'Delhi Belly' will always be known as one of those albums which brought about tectonic shift in the soundscape of Hindi cinema. Though Ram Sampath, a big name in the advertising circuit, had done some noteworthy work in Hindi cinema ('Khakhee') before, his admirably eccentric soundtrack for Delhi Belly put him on the map. Though the music of Abhinay Deo's other films ('Game' and 'Force 2') was far from being memorable, he seems to have forayed into the black comedy genre for the second time after 'Delhi Belly' with 'Blackmail' and with Amit Trivedi being credited as the music composer, one has good expectations from the album.
Before Amit Trivedi takes over the reins of the album, Badshah and Guru Randhawa get a track each to further showcase how monotonous their music is becoming. "Happy Happy" by Badshah and "Patola" by Guru Randhawa are the kind of tracks you expect the musicians to come up in their sleep.

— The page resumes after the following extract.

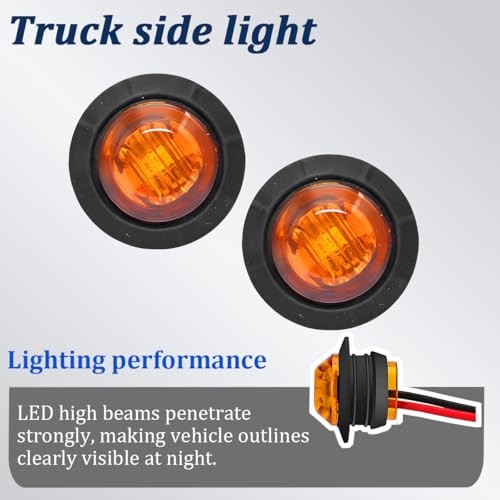 10PCS Car 3/4″ Round LED Clearance Light, Vehicle Front Rear Side Marker Yellow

These are also the kind that will put you into a slumber because of their templatised and monotonous sound. Though the Guru Randhawa track, originally composed by Preet Hundal, is a recreated version of a popular track, it does not make a lasting impression.
"Bewafa Beauty", the video of which features Urmila Matondkar, comes across as a spoof on the item numbers of the 90s. One is not sure if Amit Trivedi had set out to do something in that zone but the sound of the song definitely gives an impression that he did. The result is a track that is reasonably entertaining but is not the kind you would like to hear on a loop. Pawni Pandey sounds very different from the way she did in "Laila Main Laila" ('Raees') but does a fairly competent job as a vocalist.
"Badla" has an edgy sound accentuated by the lyrics (Amitabh Bhattacharya, rap: DIVINE and Dhaval Parab). If you listen carefully to the song, paying due attention to the sound and the lyrics, you will realise that it encapsulates the theme of the film. One expects it to be played at a crucial juncture or at multiple points in the film. As a standalone audio track, it does not make much of an impression and the way it is picturised will make a huge difference to the way it perceived by the audience/listener.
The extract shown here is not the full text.